5 April 2026
Digital Heritage Compliance: A Governance Framework for NLHF-Funded Projects
Winning an NLHF grant is a significant achievement. Staying compliant with the conditions attached to it is where many heritage organisations struggle. The National Lottery Heritage Fund’s Heritage 2033 strategy sets clear expectations for how digital outputs should be managed, licensed, stored, and made accessible. These are not suggestions; they are conditions tied to your grant agreement, your final drawdown payment, and your organisation’s reputation as a credible steward of public funding.

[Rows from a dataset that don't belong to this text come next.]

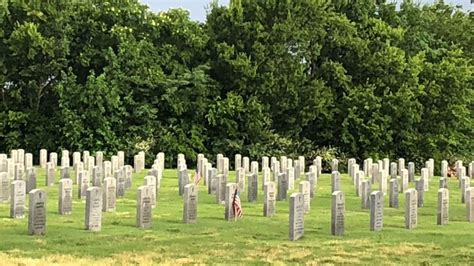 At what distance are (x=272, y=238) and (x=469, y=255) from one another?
10.3 ft

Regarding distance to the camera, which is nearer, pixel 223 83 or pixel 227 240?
pixel 227 240

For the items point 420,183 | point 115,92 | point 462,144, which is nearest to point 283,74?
point 115,92

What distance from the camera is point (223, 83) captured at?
35531 millimetres

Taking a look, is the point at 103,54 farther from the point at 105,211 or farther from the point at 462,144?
the point at 105,211

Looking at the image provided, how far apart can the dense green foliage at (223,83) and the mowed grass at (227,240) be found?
657 inches

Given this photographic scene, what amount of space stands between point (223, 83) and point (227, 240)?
74.4 ft

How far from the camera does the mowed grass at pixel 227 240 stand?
1167cm

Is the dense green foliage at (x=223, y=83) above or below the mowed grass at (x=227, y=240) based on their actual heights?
above

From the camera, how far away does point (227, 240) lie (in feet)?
43.3

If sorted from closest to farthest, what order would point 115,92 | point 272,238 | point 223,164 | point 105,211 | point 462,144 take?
point 272,238
point 105,211
point 223,164
point 115,92
point 462,144

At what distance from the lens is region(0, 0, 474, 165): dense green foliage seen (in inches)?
1341

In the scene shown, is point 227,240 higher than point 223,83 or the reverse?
the reverse

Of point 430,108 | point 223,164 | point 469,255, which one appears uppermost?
point 430,108

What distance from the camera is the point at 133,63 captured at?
112 ft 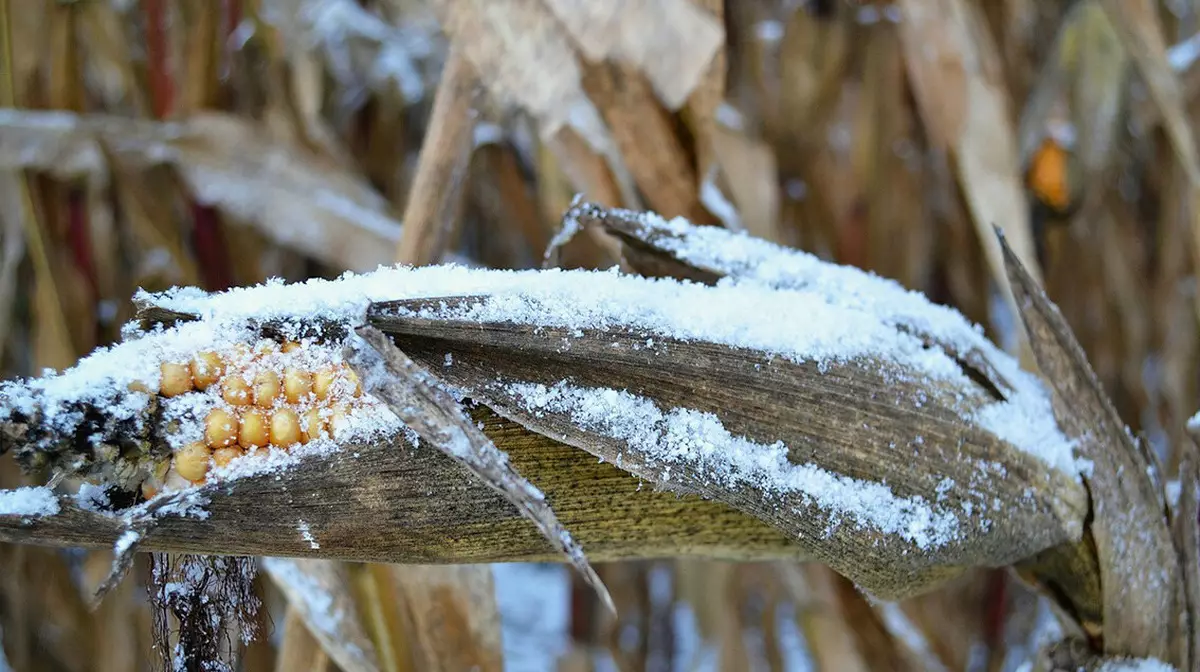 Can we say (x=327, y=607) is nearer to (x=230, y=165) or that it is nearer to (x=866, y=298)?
(x=866, y=298)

This article sets out a practical compliance framework for NLHF-funded digital heritage projects. It covers the five pillars that fund reviewers and monitors assess — drawn from the NLHF’s digital good practice guidance — scope, openness, accessibility, availability, and governance — and provides a concrete reference for project managers, archivists, and directors who need to demonstrate that their digital outputs meet the required standard.

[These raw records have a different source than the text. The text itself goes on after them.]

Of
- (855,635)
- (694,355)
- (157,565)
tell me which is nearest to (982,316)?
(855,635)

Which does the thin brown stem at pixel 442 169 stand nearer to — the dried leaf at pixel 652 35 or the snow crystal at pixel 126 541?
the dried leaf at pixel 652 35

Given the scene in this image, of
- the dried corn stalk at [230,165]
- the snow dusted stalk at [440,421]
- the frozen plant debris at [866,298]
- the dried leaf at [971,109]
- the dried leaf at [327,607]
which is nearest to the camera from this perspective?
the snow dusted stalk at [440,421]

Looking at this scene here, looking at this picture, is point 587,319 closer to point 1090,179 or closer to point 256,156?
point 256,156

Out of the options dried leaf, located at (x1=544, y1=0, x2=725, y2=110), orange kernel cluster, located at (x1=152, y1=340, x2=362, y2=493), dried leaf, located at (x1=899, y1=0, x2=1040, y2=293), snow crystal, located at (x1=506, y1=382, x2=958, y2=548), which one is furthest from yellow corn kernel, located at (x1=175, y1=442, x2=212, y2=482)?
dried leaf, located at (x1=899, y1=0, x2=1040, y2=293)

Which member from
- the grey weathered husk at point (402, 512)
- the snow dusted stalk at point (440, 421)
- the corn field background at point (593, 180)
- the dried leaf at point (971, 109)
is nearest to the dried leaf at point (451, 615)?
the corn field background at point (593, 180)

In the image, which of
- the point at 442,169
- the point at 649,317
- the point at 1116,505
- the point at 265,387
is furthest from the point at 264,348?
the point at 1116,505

If your project cannot demonstrate compliance at final evaluation, you risk delayed or withheld payments — and you make it harder for your organisation to secure funding in future.
Why digital compliance matters
Digital compliance is not an administrative box-ticking exercise. It is the mechanism by which public funding is converted into enduring public value. Without it, heritage assets are lost to technological obsolescence, data degradation, or legal restriction. The NLHF’s four investment principles — Saving Heritage, Protecting the Environment, Inclusion and Access, and Organisational Sustainability — all carry specific implications for how digital outputs are produced, described, stored, and shared.
For a practical look at how AI tools can help you meet these requirements, see our guide to meeting NLHF digital good practice with AI. Every digital activity in your project must be traceable back to these principles. If a fund monitor asks why a particular decision was made — why that file format, why that licensing model, why that storage arrangement — you need an answer grounded in these pillars, not in convenience or habit.
Defining your scope of works
Compliance problems frequently begin with inadequate scoping. If your project does not precisely define its digital outputs at inception, you will encounter budget overruns when storage, licensing, and archiving costs arrive later than expected.
Your scope of works should explicitly categorise every regulated digital output the project will produce:
- Digitisation outputs — bound volumes, archive collections, photograph collections, film, and audio-visual material
- Technological outputs — 3D models, photogrammetry data, VR tours, software code
- Data and documentation — datasets, metadata, project reports, educational toolkits
- Infrastructure and capacity — hardware, software procurement, and staff training
Each category carries different licensing, storage, and preservation requirements. A photograph collection digitised from glass plate negatives demands different metadata, file format, and rights management treatment from a born-digital dataset. Defining these distinctions upfront prevents compliance gaps from emerging at the final evaluation stage.
The openness pillar: licensing and intellectual property
The NLHF expects digital outputs to be open by default. Open access enables creative reuse and ensures global reach — removing legal barriers so the public can transform and build upon heritage resources.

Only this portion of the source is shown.